In this paper, we also define a criterion on the convergence of \(\pi \) to 0 under which the general asymptotic value exists in stochastic games. For the asymptotic approach, our theorem generalizes the two aforementioned results. In addition, we provide an example which shows first that our result is tight, and second that the result of Renault and Venel (2012) cannot be extended to the Two-Player Case. We also show that for absorbing games with compact action sets and separately continuous transition and payoff functions, a sufficient condition under which \((v_{\pi })\) converges is that \(\sup _{m \ge 1} \pi _m\) goes to 0 (when the action sets are finite, a sketch of proof for this last result is written in Cardaliaguet et al. 2012). As for the uniform approach, we provide an example of absorbing game which shows that there is no natural way to relax the decreasing assumption on the weights.

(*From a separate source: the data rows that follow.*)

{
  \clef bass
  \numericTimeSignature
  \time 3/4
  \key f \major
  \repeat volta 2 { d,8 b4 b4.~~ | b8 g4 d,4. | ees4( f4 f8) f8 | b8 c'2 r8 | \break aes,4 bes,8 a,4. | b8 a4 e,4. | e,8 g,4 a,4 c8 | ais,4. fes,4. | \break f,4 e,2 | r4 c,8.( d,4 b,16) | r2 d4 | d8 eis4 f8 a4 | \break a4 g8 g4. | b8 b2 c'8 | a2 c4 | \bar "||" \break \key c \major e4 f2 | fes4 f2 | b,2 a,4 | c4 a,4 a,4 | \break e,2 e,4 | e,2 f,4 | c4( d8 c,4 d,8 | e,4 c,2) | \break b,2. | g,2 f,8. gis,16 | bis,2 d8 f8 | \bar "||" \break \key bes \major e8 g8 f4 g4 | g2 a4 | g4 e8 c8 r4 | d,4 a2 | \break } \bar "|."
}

The paper is organized as follows. Section 2 presents the model of stochastic games and some basic concepts. Section 3 deals with the asymptotic approach, and Sect. 4 presents the uniform approach.

3 Generalities

3.1 Model of stochastic game

A stochastic game \({\varGamma }\) is defined by:

  • A state space K,

  • An action set I (resp. J) for Player 1 (resp. 2),

  • A payoff function \(g:K \times I \times J \rightarrow [0,1]\),

  • A transition function \(q:K \times I \times J \rightarrow {\varDelta }(K)\).

Except in Sect. 3.2, we assume that KIJ are (nonempty) finite sets.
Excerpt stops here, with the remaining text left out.